Similarly the label for the horizontal axis, “bins”, should be replaced with a more informative descriptive label for the variable of interest (in this case, say, “Building type”).

The legend on the right hand side of the graph (“Frequency”) is largely redundant as the vertical axis is clearly labelled as such. This legend can be deleted by left clicking on it and then pressing the delete key on your keyboard.

You may observe that the column chart is rather flat and has a rather imprecise scale on the vertical axis. If this is the case these aspects can be rectified by left clicking on the white Chart Area around the column chart (within the rectangular border) at which point you should observe small sets of “dot” indicators appear around the perimeter of the border. Clicking on and dragging down the indicators at the centre of the bottom edge of the border will stretch out the column chart vertically and at the same time will increase the graduations along the vertical axis.

**Step 3:**

Copy the graphical output into your MS Word assignment document to form part of your completed assignment (Part II).

With the “dot” indicators still observable around the perimeter of the chart area border (left click on the white Chart Area if this is not the case), select the Copy () icon from the Home menu (Clipboard grouping).

Open your MS Word document and then select the Paste () icon from the Home menu (Clipboard grouping) to insert the column chart into the document.

**Step 4:**

Create a basic (relative frequency) pie chart summary of the “Building type” sample data.

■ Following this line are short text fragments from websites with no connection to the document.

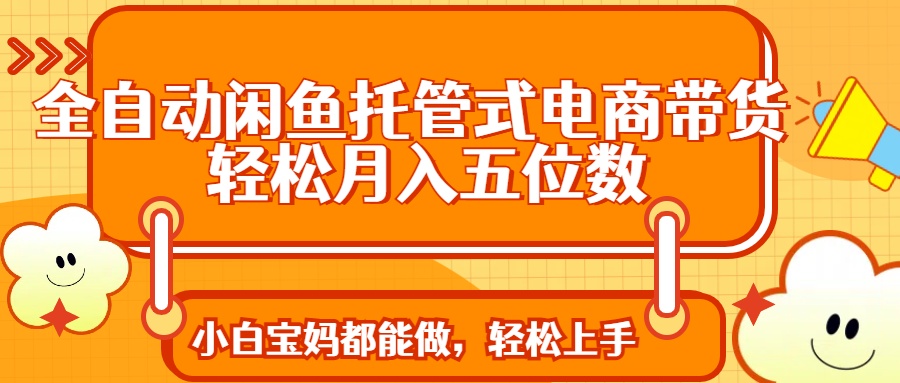 全自动闲鱼托管式电商带货 轻松实现月入五位数插图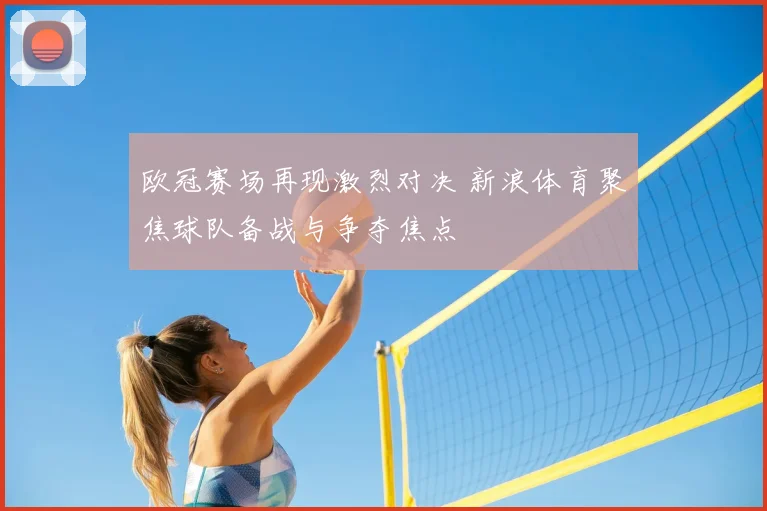 欧冠赛场再现激烈对决 新浪体育聚焦球队备战与争夺焦点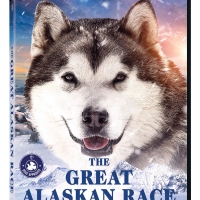 THE GREAT ALASKAN RACE Heads to DVD & Digital Photo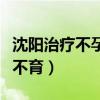沈阳治疗不孕不育的公立医院（沈阳治疗不孕不育）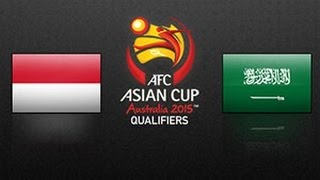 Indonesia vs Saudi Arabia AFC Asian Cup Qualifiers 2015MD2 [upl. by Eelyam]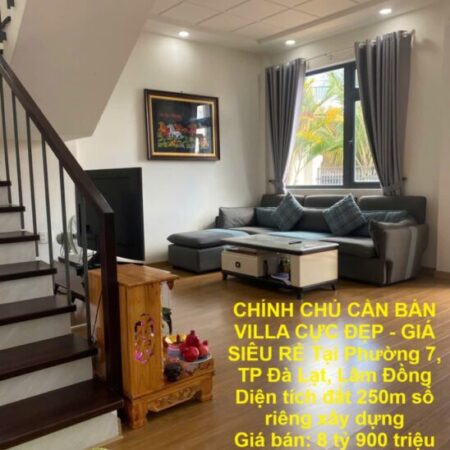 CHÍNH CHỦ CẦN BÁN VILLA CỰC ĐẸP – GIÁ SIÊU RẺ Tại Phường 7, TP Đà Lạt, Lâm Đồng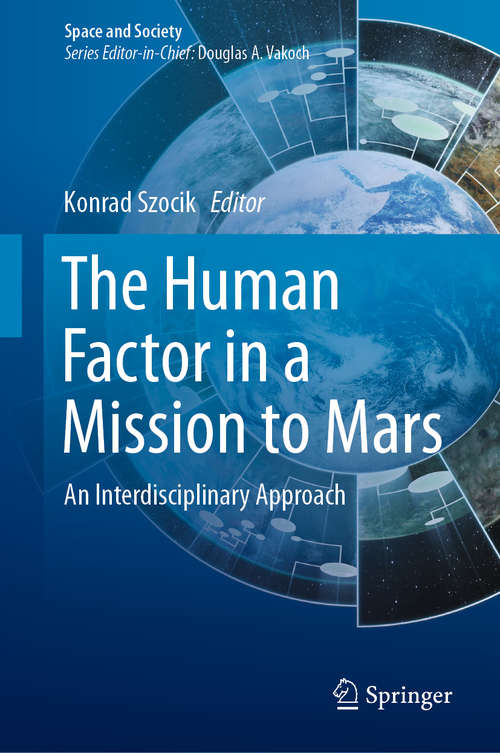 Book cover of The Human Factor in a Mission to Mars: An Interdisciplinary Approach (1st ed. 2019) (Space and Society)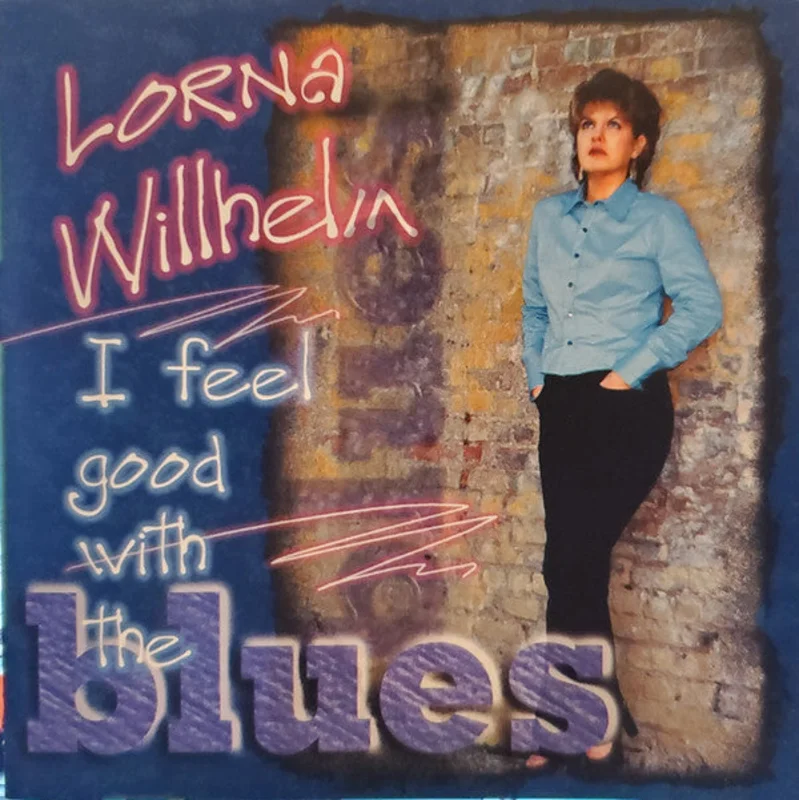 Lorna Willhelm - I Feel Good With The Blues (CD)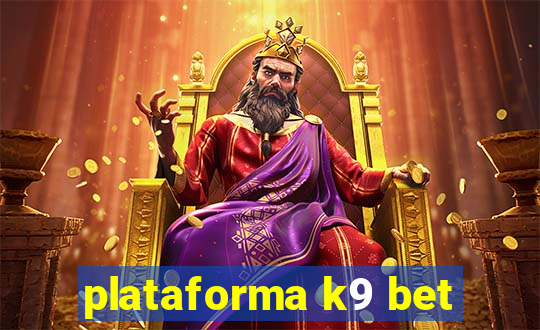 plataforma k9 bet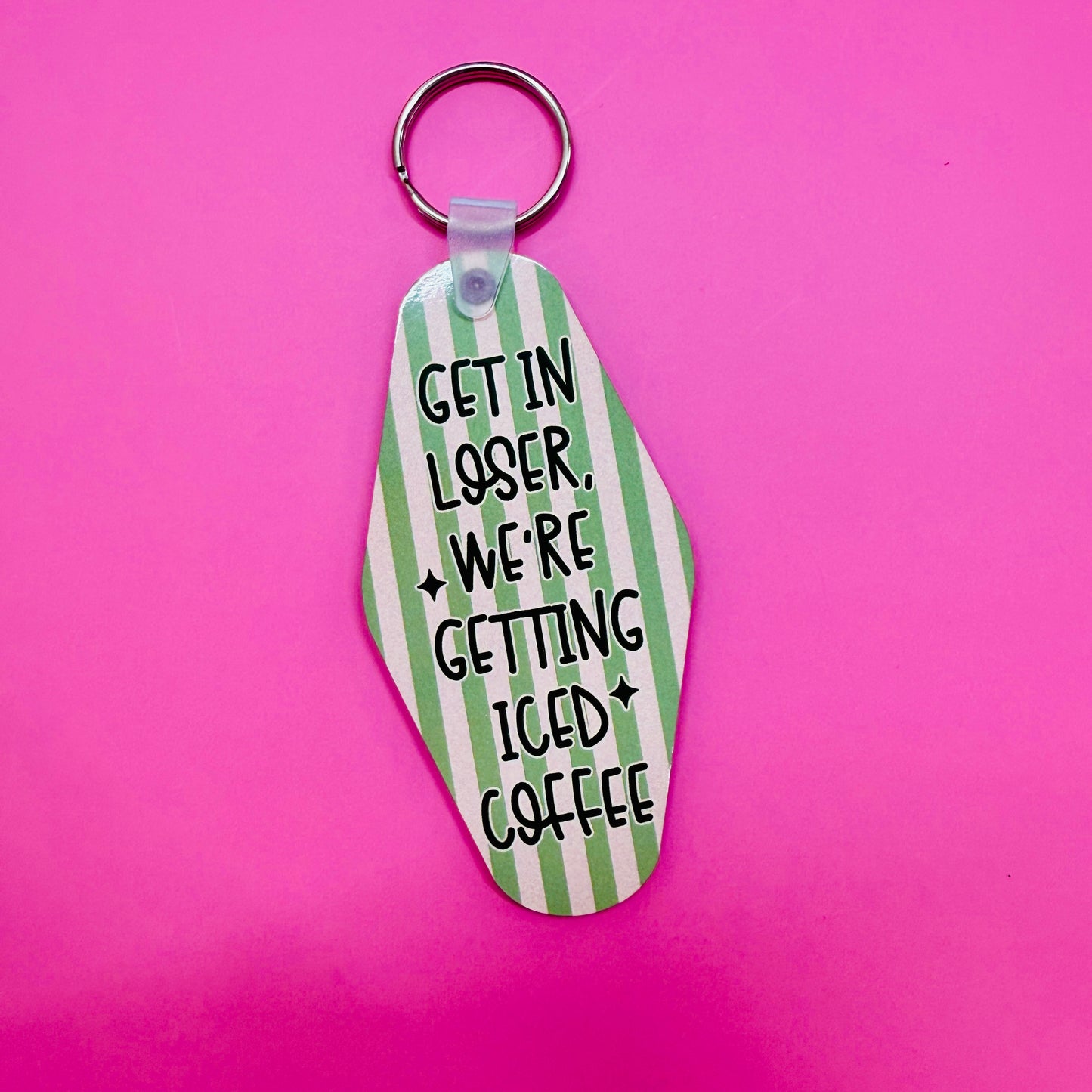 Motel Style Keychain, Get In Loser We're Getting Iced Coffee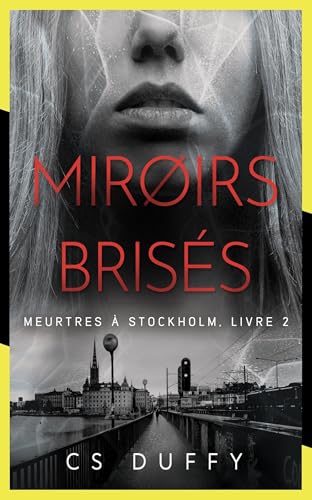 Couverture Miroirs briss L'Oiseau Noir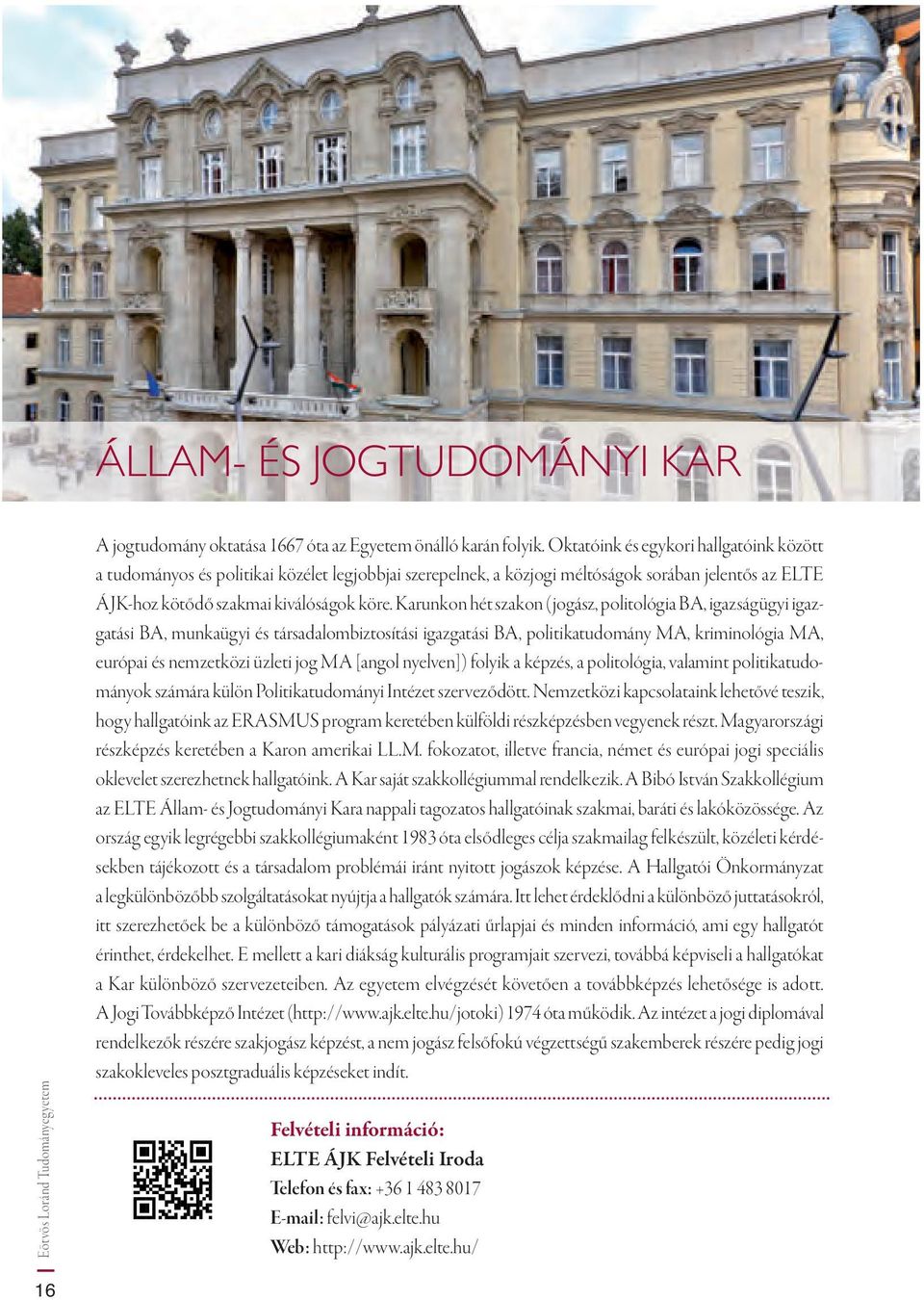 Karunkon hét szakon (jogász, politológia BA, igazságügyi igazgatási BA, munkaügyi és társadalombiztosítási igazgatási BA, politikatudomány MA, kriminológia MA, európai és nemzetközi üzleti jog MA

In MS Excel right click anywhere inside the Chart Area of the column chart you have just constructed and then select Change Chart Type from the pop-up menu.

From the Change Chart Type Templates list select Pie and then OK to convert your frequency column chart into a basic relative frequency pie chart.

Note: The pie chart provided by Excel at this point may be incorrectly titled (in this case “Frequency Column Chart …”) and is lacking in important detail (in particular the category labels and relative frequencies corresponding to each sector).

**Step 5:**

Modify the basic (relative frequency) pie chart output provided by Excel to provide more detail and clarity of presentation.

An incorrect or inappropriate title can be rectified by left clicking on it (as for the Column Chart) and replacing it with a more appropriate description (perhaps “Pie Chart for Building Type” in this case).

More detail can be provided (in the form of actual relative frequencies for each of the categories as well as accompanying descriptive labels) by right clicking anywhere inside the “pie” and selecting Add Data Labels from the pop-up menu (at which point frequency counts for each category will appear in the sectors of your pie chart).

To obtain relative frequency (%) information relating to the various categories right click again anywhere inside the “pie” and select Format Data Labels from the pop-up menu to show the Format Data Labels dialogue box.

In the Format Data Labels list of Label Options tick the Category Name and Percentage boxes and whatever Label Position (perhaps Outside End) you prefer.

Select Close to obtain the improved relative frequency pie chart.

Note: If your pie chart is “flat” you can stretch it out by repeating the procedure described at the end of Step 2 for the column chart.

**Step 6:**

Copy the graphical output into your MS Word assignment document to form part of your completed assignment (Part II).

Left click on the white Chart Area (at which point the “dot” indicators will appear around the perimeter of the border) and then select the Copy icon from the Home menu.

Open your MS Word document and then select the Paste icon from the Home menu to insert the pie chart into the document.

*Assignment Task 3*

In Task 3 you are required to use MS Excel to sort the “Sold Price” data in your sample as a preliminary to manually determining percentile information for that data.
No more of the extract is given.